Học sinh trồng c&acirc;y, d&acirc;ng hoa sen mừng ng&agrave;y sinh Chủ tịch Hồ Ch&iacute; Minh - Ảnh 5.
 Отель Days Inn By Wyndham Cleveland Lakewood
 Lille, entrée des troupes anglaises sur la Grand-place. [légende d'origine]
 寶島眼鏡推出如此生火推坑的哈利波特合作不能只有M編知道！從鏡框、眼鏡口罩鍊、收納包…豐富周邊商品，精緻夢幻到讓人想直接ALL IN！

==============================

Exercise brief | Write the data out in full, matching every line exactly.

Output below |
Học sinh trồng c&acirc;y, d&acirc;ng hoa sen mừng ng&agrave;y sinh Chủ tịch Hồ Ch&iacute; Minh - Ảnh 5.
 Отель Days Inn By Wyndham Cleveland Lakewood
 Lille, entrée des troupes anglaises sur la Grand-place. [légende d'origine]
 寶島眼鏡推出如此生火推坑的哈利波特合作不能只有M編知道！從鏡框、眼鏡口罩鍊、收納包…豐富周邊商品，精緻夢幻到讓人想直接ALL IN！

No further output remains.